Diese Kombination aus ökonomischer Stärke und politischem Willen könnte Hamburg zur Vorzeigestadt der Elektromobilität machen. Bei vielen Einzelprojekten zum Aufbau der Infrastruktur ist das auch so.
Wasserstoff? Klappt.
Fahrer von Brennstoffzellen-elektrischen Autos etwa können an vier Tankstellen Wasserstoff tanken. Zwei werden von Shell betrieben, eine von Total und eine von Vattenfall. Es ist kein Zufall, dass der erste Toyota Mirai in Deutschland an einen Reeder ausgeliefert wurde. Und auf der Linie 109 des öffentlichen Nahverkehrs bewegen sich die Busse mit Hybrid-, Plug-in-Hybrid- und Brennstoffzellen-Antrieb.
Der Wasserstoff ist also ein klares Erfolgsmodell in Hamburg, das mit einem Absatz abgehandelt ist.
Mühsamer geht es bei der Infrastruktur für Batterie-elektrische Autos zu. Hier ist die Entwicklung kontinuierlich positiv; das Wachstum findet dennoch auf niedrigem Niveau statt.
Der lokale Versorgungsnetzbetreiber Stromnetz Hamburg – die Stadt hat alle Leitungen von Vattenfall zurückgekauft – teilt auf Anfrage mit, dass (Stand: Januar) rund 85 Ladesäulen mit circa 170 Ladepunkten (Ziel bis Herbst: 600) in Betrieb sind. Zur Identifikation genügt, und das ist ein wichtiger Fortschritt, eine SMS, eine RFID-Karte (Ladenetz) oder ein Schlüsselanhänger (z.B. The New Motion, PlugSurfing). Kunden dieser drei Anbieter können sich in Hamburg genauso autorisieren wie in einer anderen Stadt. Alternativ steht für Jedermann die SMS-Freischaltung zur Verfügung. Die meisten AC-Punkte liefern Wechselstrom mit 22 kW Leistung. Nur drei Säulen sind auf Gleichstrom ausgelegt. Zu wenig in einer Welt, in der immer mehr DC-fähige Autos gekauft werden und die Standzeit beim „Tanken“ beschränkt ist.

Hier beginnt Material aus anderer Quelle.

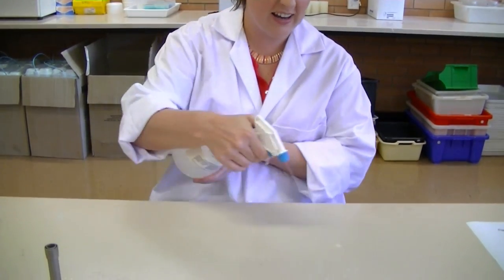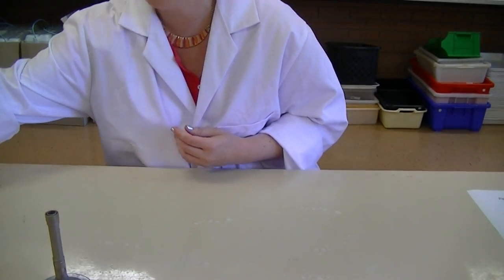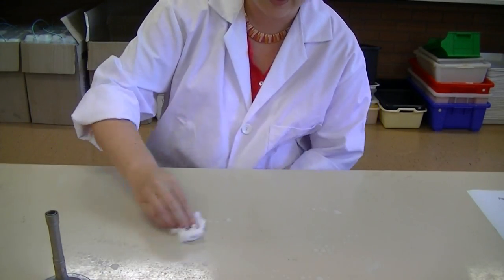To create a sterile environment, we firstly need to wipe down the surface that we're working on. You should have some bench cleaner — spray the bench with it. Bench cleaner is basically disinfectant which will remove any dust or unwanted organisms that may be on the bench.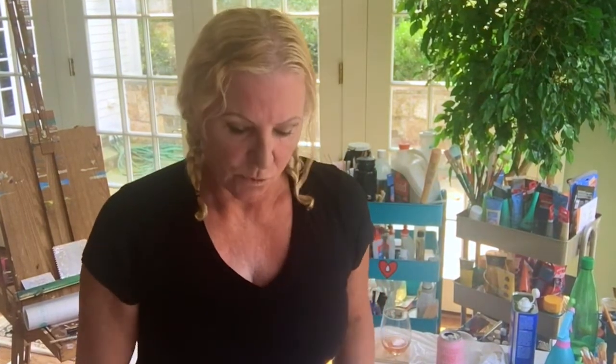Hi everybody, welcome back, this is Jules. Today I'm going to be showing you a pour through a sink strainer. If I'm talking funny, I just burnt my tongue on some broccoli rice I was making for my husband. I burnt my tongue and my hair's a mess because I had a knot in it the size of Ireland, so I had to braid it.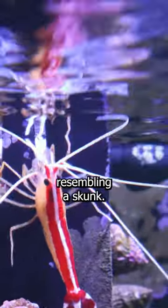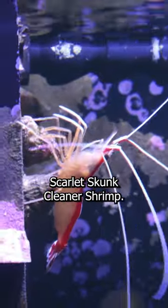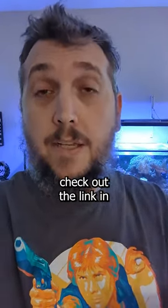This resembles a skunk, hence the name scarlet skunk cleaner shrimp. To learn more, check out the link in the description below.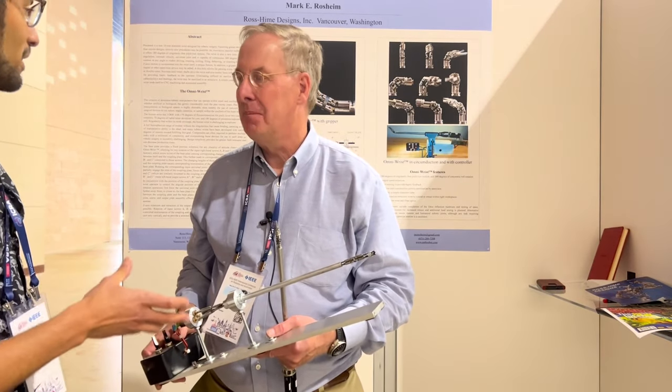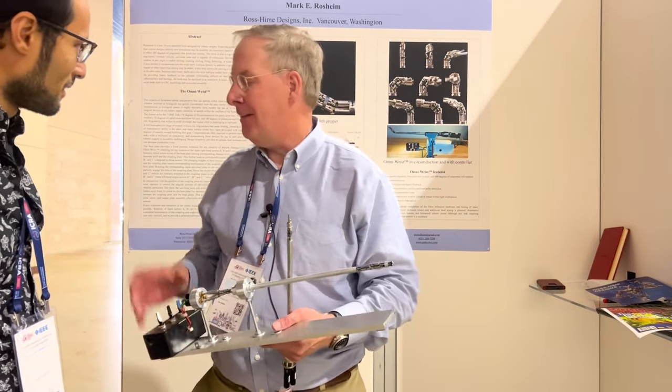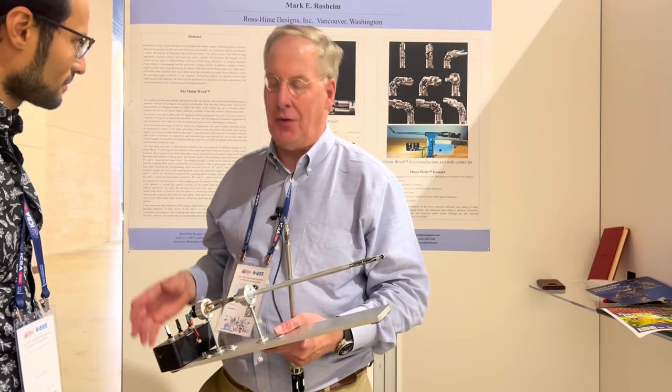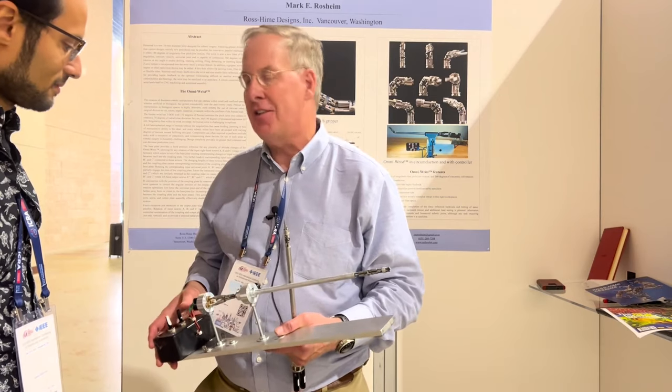And so is your background — are you with the company? Yeah, this is my company, Rossheim Designs. We've been around for a long time, but we just recently came up with this new technology and we're excited to present it here at IEEE ICRA.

Zwischen Sanktion und Vorrang
Ja, an vielen Ladeplätzen steht inzwischen ein Schild, dass zum Beispiel nur „bis 2 Std.“ erlaubt sind. Der Hintergrund liegt auf der Hand: Neben den Autos mit Verbrennungsmotor, die ordnungswidrig eine Ladesäule blockierten, gab es auch Besitzer von Elektroautos, die den Raum vor der Ladesäule quasi als Privatparkplatz betrachtet haben. Immerhin, das sagt die Polizei, können Fahrzeuge mit Verbrennungsmotor jetzt abgeschleppt werden, wenn sie vor eine Ladesäule falsch parken. Das war lange anders. Die Stadt Hamburg geht sogar noch einen Schritt weiter und stellt an allen öffentlichen Ladesäulen Schilder auf, welche die dortigen Stellplätze exklusiv für Autos mit E-Kennzeichen ausweisen. Ein Privileg genießen Halter von E-Autos beim gebührenpflichtigen Parken. Sie müssen sich durch das E-Kennzeichen legitimieren und können dann bis zur zulässigen Maximalzeit ihr Auto kostenfrei abstellen.
Diese Maßnahme zeigt aber ein Dilemma, in dem Hamburg stellvertretend für viele Städte steckt. Es ist offensichtlich, man will die Elektrifizierung fördern und hat die Mittel dafür. Gebührenfreie Parkplätze aber können nur ein Vorübergang sein bis zu dem Tag, an dem es viele surrende Autos gibt. Und die Möglichkeit, Busspuren freizugeben, hat die Stadt sofort abgelehnt – die Vorstellung, dass die wohlhabendsten Bürger mit ihren BMW i8 und Tesla Model S die Sonderfahrspur des ÖPNV verstopfen, war den Verantwortlichen wohl doch zu unangenehm.
Zurück zu Geld und Willen: beides ist vorhanden. Es gibt eine Vielzahl von Fördermöglichkeiten, von denen als repräsentatives Beispiel die Zuschüsse der Hamburgischen Investitions- und Förderbank (IFB) genannt sein sollen. Die IFB zahlt 10.000 Euro für einen DC-Triplecharger, 3.000 Euro für eine AC-Ladestation und 3.500 Euro bei mindestens vier standortgebundenen AC-Ladepunkten, also Wallboxes.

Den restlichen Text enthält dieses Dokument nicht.